Monday, December 28, 2020
*Rogelio Zelada
Seguramente la mayor importancia del Adviento, la Navidad y la Epifanía radica en la virtud de la esperanza. Se trata de la confianza más absoluta, no sólo en la certeza de lo que se espera, sino en la fuerza de la palabra del que es autor de la promesa. La esperanza es la fuerza oculta y transformadora que movió a todas las figuras que arman el gran misterio de la Navidad; porque, sin entenderlo demasiado, la joven doncella nazarena accede a los planes que le comunica el celeste mensajero.
Las preguntas de María no se refieren al “qué”, sino al “como”; una curiosidad que queda resuelta cuando Gabriel aclara que todo será obra de Dios, del poder del Altísimo. “De él nada me asombra” ... estoy totalmente disponible a la acción de su palabra, “hágase en mi según has dicho”. La jovencísima mujer refleja una enorme madurez en la comprensión del misterio divino; insondable e incomprensible desde la óptica humana, pero claro y transparente para el que sabe poner su confianza en Él.

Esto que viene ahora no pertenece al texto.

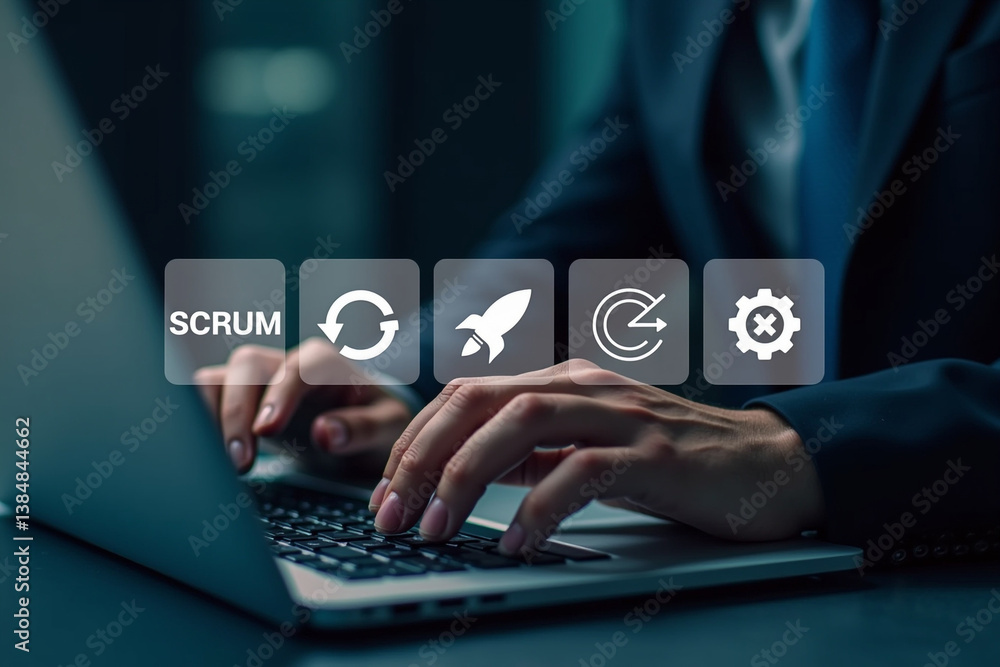 Aufkleber scrum, agile development methodology concept. businessman using laptop with scrum icons.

No fue así en la fallida “anunciación” al anciano Zacarías. El celeste mensajero que ha interrumpido la faena del sacerdote, no sólo lo ha descolocado en medio del preciso y minucioso ritual de la ofrenda de la tarde, sino que le anuncia la fecundidad de su estirpe en el vientre seco de Isabel, su esposa. Y, Zacarías, que no solo por oficio y por tradición debe conocer al dedillo que toda la historia de su pueblo está anclada en la historia de Abrahán, viejo y seco como él, que es capaz de llenar de vida el vientre de Sara, no cree posible que el poder del Señor pueda repetirse en el seno de su familia. Se quedará mudo, un gran insulto para un israelita, pues tendrá que ser Isabel, su mujer, la que hablará en nombre suyo de ahora en adelante. En vez de poner toda su confianza en el Señor Dios de Israel, y actuar en consecuencia, Zacarías busca criterios y seguridades humanas por encima de las propuestas de la Palabra de Dios.

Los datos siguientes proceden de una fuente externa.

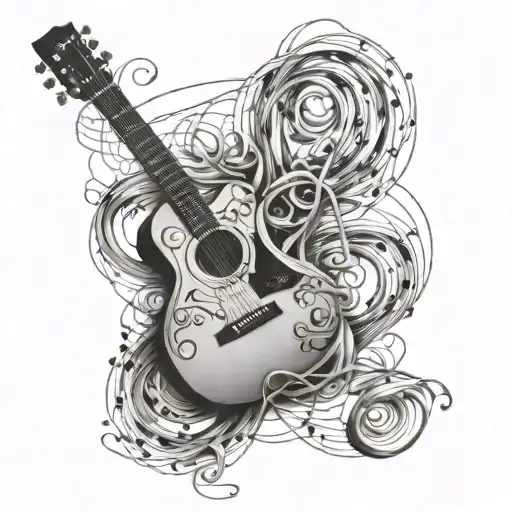 Guitar Notes Intertwined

En el silencio de la fría noche de los campos de Belén, un clamor de ángeles despierta de su modorra a un pequeño grupo de pastores que guardaban su rebaño de los lobos y sobre todo de los ladrones. Sin diálogo alguno, desde su simpleza son capaces de confiar en aquel anuncio inexplicable y en consecuencia salir a comprobar un signo que ha llegado de lo alto: un pequeño niño envuelto en pañales y recostado en un pesebre, un pobrísimo y vulgar comedero para el ganado. No han escuchado nada de tronos, de palacios o de extraordinarios lujos y riquezas, lo propio de un rey de Israel, sino todo lo contrario. Sin embargo, han confiado en la palabra recibida, han reconocido en ella el sonido de Dios y han sellado su esperanza con el dulce color de la alegría y el entusiasmo.

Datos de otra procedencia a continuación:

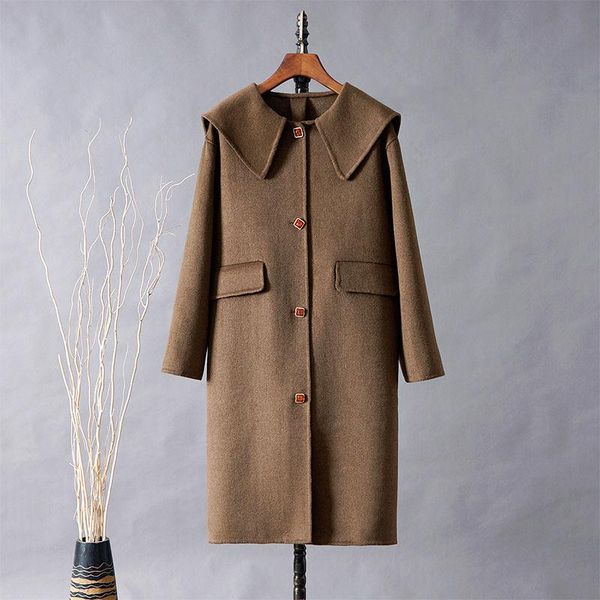 women's wool & blends women 2021 winter fashion double-faced woolen coats female single breasetd warm outwear ladies pockes long jacket, Black
women's wool & blends women 2021 winter fashion double-faced woolen coats female single breasetd warm outwear ladies pockes long jacket, Black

Tres ilustres astrónomos han descubierto en la noche de Babilonia el inesperado fulgor de una estrella nueva, fuerte y brillante que en la constelación de Aries brilla con un extraordinario resplandor. Convencidos, como todos los de su época, de que al nacimiento de cada ser humano estaba acompañado por la aparición de una nueva estrella en el cielo, (todavía hoy se dice “nace una estrella” o “se apagó su estrella”) intuyen que alguien muy importante ha nacido en Israel, (cuyo signo astrológico es Aries, el cordero); seguramente el recién llegado es su rey, y se ponen en camino para comprobarlo. Algo totalmente inexplicable, ya que, comparado con el imperio babilónico, Israel era una franja insignificante, un reino sin poder ni autonomía. Para llegar a él había que emprender un viaje muy largo y peligroso, para el que necesitaban llevar grandes provisiones, sirvientes, soldados, animales, etc. Un desplazamiento sólo justificado por la fuerza, el valor y la determinación de aquella luz que los “magos” han visto en medio de la noche.
Para quién ha visto la luz de Cristo, todo se transforma de manera radical e inexplicable. Sin entender, sin conocer el final del camino ni sus dificultades, es capaz de andar sólo con la fuerza de su palabra, como los amigos de Emaús que al reconocer a Cristo en la fracción del pan son capaces de desandar el camino a Jerusalén, en plena oscuridad de la noche, sin ver las piedras ni los escollos, iluminados por dentro con la fuerza de la palabra que es luz y fuente de confianza inagotable.
Al recorrer el Adviento y la Navidad, la Iglesia nos invita a confiar en la Providencia de Dios, aún sin comprender ni entender, porque sólo cuando todo acabe y veamos a Dios, cara a cara, todo alcanzará su completo sentido.